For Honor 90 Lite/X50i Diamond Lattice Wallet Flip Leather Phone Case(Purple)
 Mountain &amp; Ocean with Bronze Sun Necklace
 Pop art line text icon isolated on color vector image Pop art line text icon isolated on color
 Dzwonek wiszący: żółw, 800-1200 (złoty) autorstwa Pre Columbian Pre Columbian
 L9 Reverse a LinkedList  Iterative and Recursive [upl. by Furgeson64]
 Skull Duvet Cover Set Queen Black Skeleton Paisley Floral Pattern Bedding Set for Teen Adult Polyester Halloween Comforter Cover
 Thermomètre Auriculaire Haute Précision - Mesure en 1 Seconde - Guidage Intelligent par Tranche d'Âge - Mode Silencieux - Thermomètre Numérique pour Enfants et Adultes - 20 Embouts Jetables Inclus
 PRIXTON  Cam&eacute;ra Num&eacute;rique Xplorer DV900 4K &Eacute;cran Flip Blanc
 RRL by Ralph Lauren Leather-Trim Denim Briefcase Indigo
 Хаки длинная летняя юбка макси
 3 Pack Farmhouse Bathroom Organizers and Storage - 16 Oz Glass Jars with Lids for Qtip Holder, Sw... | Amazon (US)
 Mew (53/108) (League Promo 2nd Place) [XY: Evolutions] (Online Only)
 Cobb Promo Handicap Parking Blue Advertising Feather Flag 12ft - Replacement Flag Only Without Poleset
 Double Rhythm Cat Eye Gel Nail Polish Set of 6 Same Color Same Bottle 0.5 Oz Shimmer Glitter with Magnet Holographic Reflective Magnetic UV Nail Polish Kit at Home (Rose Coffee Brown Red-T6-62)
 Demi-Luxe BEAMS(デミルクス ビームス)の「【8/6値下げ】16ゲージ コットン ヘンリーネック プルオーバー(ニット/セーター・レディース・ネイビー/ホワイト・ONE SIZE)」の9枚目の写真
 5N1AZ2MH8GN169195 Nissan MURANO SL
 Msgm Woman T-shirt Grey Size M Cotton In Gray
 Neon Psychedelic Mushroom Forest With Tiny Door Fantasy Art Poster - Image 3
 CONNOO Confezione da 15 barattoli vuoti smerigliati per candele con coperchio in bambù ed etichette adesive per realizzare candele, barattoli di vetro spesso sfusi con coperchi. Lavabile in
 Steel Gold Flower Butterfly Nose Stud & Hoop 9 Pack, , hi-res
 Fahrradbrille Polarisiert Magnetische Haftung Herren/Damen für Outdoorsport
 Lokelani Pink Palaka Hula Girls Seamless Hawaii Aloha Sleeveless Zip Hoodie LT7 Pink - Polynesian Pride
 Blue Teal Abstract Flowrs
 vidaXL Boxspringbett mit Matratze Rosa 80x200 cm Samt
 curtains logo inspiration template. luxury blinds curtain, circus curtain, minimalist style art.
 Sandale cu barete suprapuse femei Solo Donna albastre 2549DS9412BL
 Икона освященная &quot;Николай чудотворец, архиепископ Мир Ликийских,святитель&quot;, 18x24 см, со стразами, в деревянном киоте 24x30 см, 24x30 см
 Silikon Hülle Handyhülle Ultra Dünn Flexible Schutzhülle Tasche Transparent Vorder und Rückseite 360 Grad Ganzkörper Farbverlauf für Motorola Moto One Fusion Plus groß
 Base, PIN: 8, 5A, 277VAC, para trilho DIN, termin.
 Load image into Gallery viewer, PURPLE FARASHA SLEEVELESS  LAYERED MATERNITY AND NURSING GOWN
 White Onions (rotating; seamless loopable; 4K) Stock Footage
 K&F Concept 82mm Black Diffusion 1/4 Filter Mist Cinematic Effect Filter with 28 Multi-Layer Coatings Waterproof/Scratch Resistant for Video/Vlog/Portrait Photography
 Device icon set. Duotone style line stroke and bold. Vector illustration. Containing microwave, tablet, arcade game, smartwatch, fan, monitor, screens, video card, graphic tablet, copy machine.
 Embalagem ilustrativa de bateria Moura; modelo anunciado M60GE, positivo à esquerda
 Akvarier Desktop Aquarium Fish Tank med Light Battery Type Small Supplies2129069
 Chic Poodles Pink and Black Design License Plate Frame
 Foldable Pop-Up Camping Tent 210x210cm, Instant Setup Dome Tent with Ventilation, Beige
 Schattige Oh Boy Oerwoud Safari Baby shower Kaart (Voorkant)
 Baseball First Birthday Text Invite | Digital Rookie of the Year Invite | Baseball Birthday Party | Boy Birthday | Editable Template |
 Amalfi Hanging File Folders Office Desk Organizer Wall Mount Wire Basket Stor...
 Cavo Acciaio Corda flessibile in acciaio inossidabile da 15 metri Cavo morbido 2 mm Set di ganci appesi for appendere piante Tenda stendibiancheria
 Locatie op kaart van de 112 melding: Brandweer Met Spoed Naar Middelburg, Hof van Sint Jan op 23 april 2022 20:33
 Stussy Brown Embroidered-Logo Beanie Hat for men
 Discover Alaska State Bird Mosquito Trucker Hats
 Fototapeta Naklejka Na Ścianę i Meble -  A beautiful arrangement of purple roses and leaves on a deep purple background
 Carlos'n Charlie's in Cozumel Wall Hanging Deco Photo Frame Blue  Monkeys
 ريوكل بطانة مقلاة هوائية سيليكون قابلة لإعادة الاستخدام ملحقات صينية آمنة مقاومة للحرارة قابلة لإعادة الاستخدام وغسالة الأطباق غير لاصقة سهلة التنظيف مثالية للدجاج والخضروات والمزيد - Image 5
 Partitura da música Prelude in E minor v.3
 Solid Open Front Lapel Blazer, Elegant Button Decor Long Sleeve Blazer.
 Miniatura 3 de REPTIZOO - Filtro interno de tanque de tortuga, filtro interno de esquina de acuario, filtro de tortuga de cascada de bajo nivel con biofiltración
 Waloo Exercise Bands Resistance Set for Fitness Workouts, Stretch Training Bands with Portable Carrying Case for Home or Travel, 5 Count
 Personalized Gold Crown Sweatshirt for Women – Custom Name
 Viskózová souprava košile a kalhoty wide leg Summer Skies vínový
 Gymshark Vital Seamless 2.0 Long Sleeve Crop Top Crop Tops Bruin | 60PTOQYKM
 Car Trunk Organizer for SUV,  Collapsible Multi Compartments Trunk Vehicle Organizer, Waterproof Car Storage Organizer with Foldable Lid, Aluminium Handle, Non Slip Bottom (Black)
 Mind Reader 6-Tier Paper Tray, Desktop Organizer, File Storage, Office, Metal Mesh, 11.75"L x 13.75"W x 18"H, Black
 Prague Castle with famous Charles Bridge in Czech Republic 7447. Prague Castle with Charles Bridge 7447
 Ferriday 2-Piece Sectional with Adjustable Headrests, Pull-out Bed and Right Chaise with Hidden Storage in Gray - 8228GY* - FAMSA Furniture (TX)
..............................
● TASK REQUIREMENTS:
In the data above, find the line with "Dzwonek wiszący: żółw, 800-1200" and the line with "Skull Duvet Cover". Retype both, plus every line between them, exactly.

● ANSWER FOR THE TASK:
 Dzwonek wiszący: żółw, 800-1200 (złoty) autorstwa Pre Columbian Pre Columbian
 L9 Reverse a LinkedList  Iterative and Recursive [upl. by Furgeson64]
 Skull Duvet Cover Set Queen Black Skeleton Paisley Floral Pattern Bedding Set for Teen Adult Polyester Halloween Comforter Cover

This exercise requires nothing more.